__COLLECTED DATA__
--- START ---
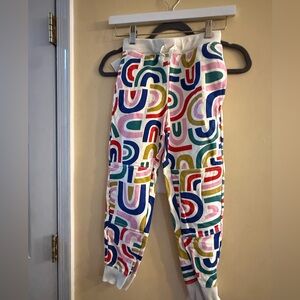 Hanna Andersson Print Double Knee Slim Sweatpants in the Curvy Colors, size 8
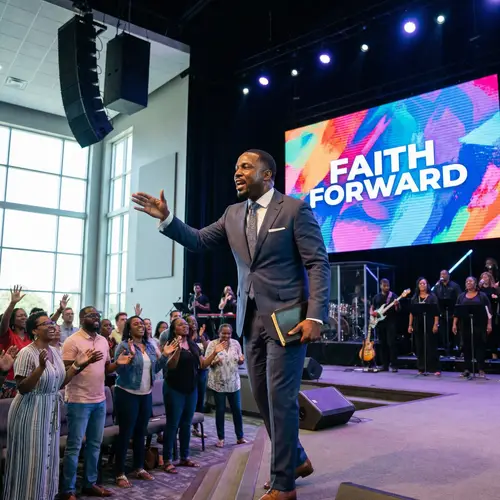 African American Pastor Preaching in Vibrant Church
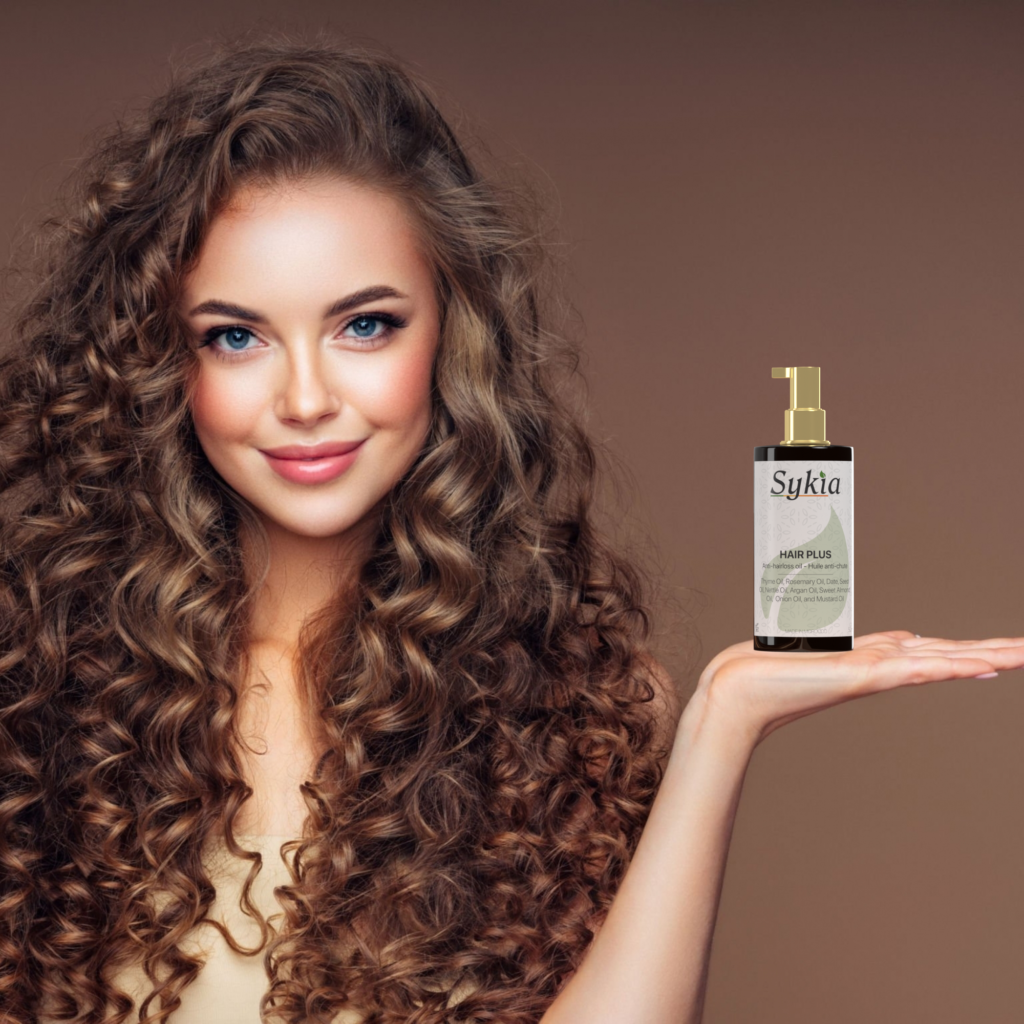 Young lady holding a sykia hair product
--- END ---
__WHAT THE TASK ASKS__
Transcribe the listing exactly, skipping pictures.

__ANSWER AREA__
 Hanna Andersson Print Double Knee Slim Sweatpants in the Curvy Colors, size 8
 African American Pastor Preaching in Vibrant Church
 Young lady holding a sykia hair product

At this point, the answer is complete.